Reputation: 173
I am trying to modify my pandas dataframe, but still I haven't gotten any results. I have a dataframe of this form:
fc.iloc[:,:2][:10]
Out[309]:
DATE TOTAL_REVENUE_TTM
TIC
AMZN.O 2018-01-01 3.769385e+11
AMZN.O 2018-01-01 3.775364e+11
AMZN.O 2018-01-01 3.772219e+11
AMZN.O 2018-01-01 3.766596e+11
AMZN.O 2018-01-01 3.757391e+11
AMZN.O 2018-02-01 3.931331e+11
AMZN.O 2018-02-01 3.935390e+11
AMZN.O 2018-02-01 3.932100e+11
AMZN.O 2018-02-01 3.926973e+11
AMZN.O 2018-02-01 3.917282e+11
I need to properly modify the column DATE, which does not reflect the real date. The hard thing is that I need to modify it following a sort of pattern. Here I printed only the 10 columns, but I have many observation, that follow the same rule.
To summarize, these are the outputs of size 5 of an LSTM network (I printed just two outputs) and the printed date is only the last date of the output. I need to recover all the other dates, knowing that they are all shifted back in time by 12 months. Practically speaking I should offset the date in 4th row by 1 year, the date in 3rd row by 2 year and so on. This should be applied for every output (say, every 5 row of the dataframe), and for every company in the dataframe.
The way the code works should be also generalized, if for example I would change the size of the output, so that I could have 3 dates repeating instead of 5, and also if I change the offsetting back in time.

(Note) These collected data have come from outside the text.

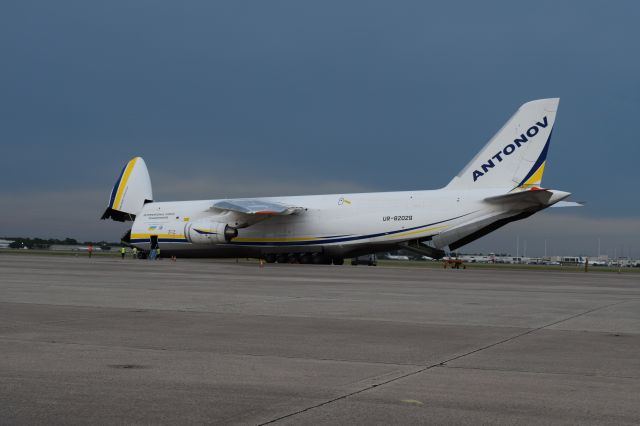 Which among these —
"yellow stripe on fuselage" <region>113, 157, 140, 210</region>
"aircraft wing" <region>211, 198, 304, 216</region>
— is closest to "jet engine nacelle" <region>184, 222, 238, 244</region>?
"aircraft wing" <region>211, 198, 304, 216</region>

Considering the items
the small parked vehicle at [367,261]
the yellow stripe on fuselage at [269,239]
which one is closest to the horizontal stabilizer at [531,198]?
the yellow stripe on fuselage at [269,239]

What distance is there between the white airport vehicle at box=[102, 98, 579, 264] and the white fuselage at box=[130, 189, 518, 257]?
5 centimetres

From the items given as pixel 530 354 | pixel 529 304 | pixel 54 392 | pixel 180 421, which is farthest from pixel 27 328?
pixel 529 304

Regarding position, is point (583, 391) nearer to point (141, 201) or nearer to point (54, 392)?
point (54, 392)

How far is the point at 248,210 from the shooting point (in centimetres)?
4262

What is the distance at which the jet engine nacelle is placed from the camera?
43.4 meters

I was trying to write a function that takes those 2 parameters and returns the entire dataframe with the dates properly shifted, but I am having a hard time find the way to reproduce the pattern correctly.
Here there is a piece of code for my function that should take every piece of dataframe referring to a company, elaborate it and then concatenate again to form the new dataframe:
def modify_forecasts_dates(fc,offset,output_size):
#extract the company names
companies = fc.index.get_level_values(0).unique()
cmp_to_concat = []
for tick in companies:
cmp = fc.loc[tick]
cmp.insert(0, 'ROW_NUM', range(1,len(cmp)+1))
cmp['BOOL'] = np.where((np.mod(cmp['ROW_NUM'],output_size)==0), 'OK', 'MODIFY')
#cmp.drop(labels=['ROW_NUM','BOOL'],inplace=True)
cmp_to_concat.append(cmp)
final_df = pd.concat(cmp_to_concat)
return final_df
I firstly tried to insert a count row number, to identify which are the row that do not need to be changed, namely every last row of a piece of output. The problem still remains because then I don't know how to update all observation before the last output row.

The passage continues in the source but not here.